The Cambridge poet-priest Malcolm Guite says on his blog that Saint Peter’s Day and this season is appropriate for ordinations because Saint Peter is ‘the disciple who, for all his many mistakes, knew how to recover and hold on, who, for all his waverings was called by Jesus “the rock,” who learned the threefold lesson that every betrayal can ultimately be restored by love.’

Before today begins, I am taking some time this morning to continue my reflections drawing on the Psalms.

In my blog, I am reflecting each morning in this Prayer Diary in these ways:

1, Short reflections on a psalm or psalms;

2, reading the psalm or psalms;

3, a prayer from the USPG prayer diary.

Psalm 126:

Psalm 126 is the seventh in a series of 15 short psalms (Psalm 120-134) known as the ‘Songs of Ascents.’ These psalms begin with the Hebrew words שיר המעלות‎ (Shir Hama’a lot). In the slightly different numbering system in the Greek Septuagint and the Latin Vulgate, this is counted as Psalm 125. It is sometimes known by its opening words in Latin, In convertendo Dominus.

Many scholars say these psalms were sung by worshippers as they ascended the road to Jerusalem to attend the three pilgrim festivals. Others say they were sung by the Levite singers as they ascended the 15 steps to minister at the Temple in Jerusalem.

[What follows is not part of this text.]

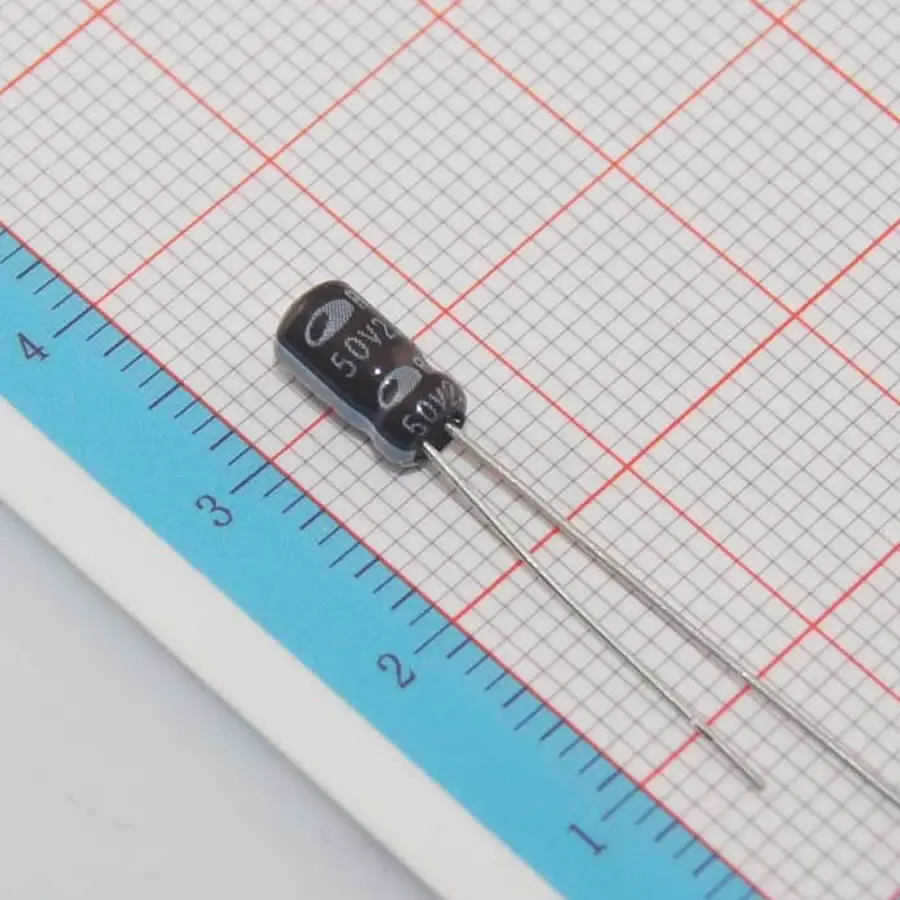 1000 шт. алюминиевый электролитический конденсатор 2 мкФ 50 в 4*7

The Mishnah notes the correspondence between the 15 songs and the 15 steps between the men’s court and the women’s courtyards in the Temple. A Talmudic legend says King David composed or sang the 15 songs to calm the rising waters at the foundation of the Temple.

One view says the Levites first sang the Songs of Ascent at the dedication of Solomon’s Temple during the night of 15 Tishri 959 BCE. Another study suggests they were composed for a celebration after Nehemiah’s rebuilding of the walls of Jerusalem in 445 BCE. Others suggest they may originally have been songs sung by the exiles returning from Babylon, ascending to Jerusalem or individual poems later collected together and given the title linking them to pilgrimage after the Babylonian captivity.

These psalms are cheerful and hopeful, and they place an emphasis on Zion. They were suited for being sung because of their poetic style and the sentiments they express. They are brief, almost like epigrams, and they are marked by the use of a keyword or repeated phrase that serves as a rung on which the poem ascends to its final theme.

Jewish scholarship pairs Psalm 126 with Psalm 137, with Psalm 137 commemorating the beginning of the Babylonian exile, and Psalm 126 describing the end of that exile.

The grammatical structure of the psalm, however, suggests that it is talking both about a past redemption (from Babylonian captivity, in verse 1) and a future redemption (the permanent return of the exiles at the end of days, in verse 4).

Alternately, modern Jewish commentators suggest that the second half of the psalm refers to the redemption of the land of Israel from agricultural drought.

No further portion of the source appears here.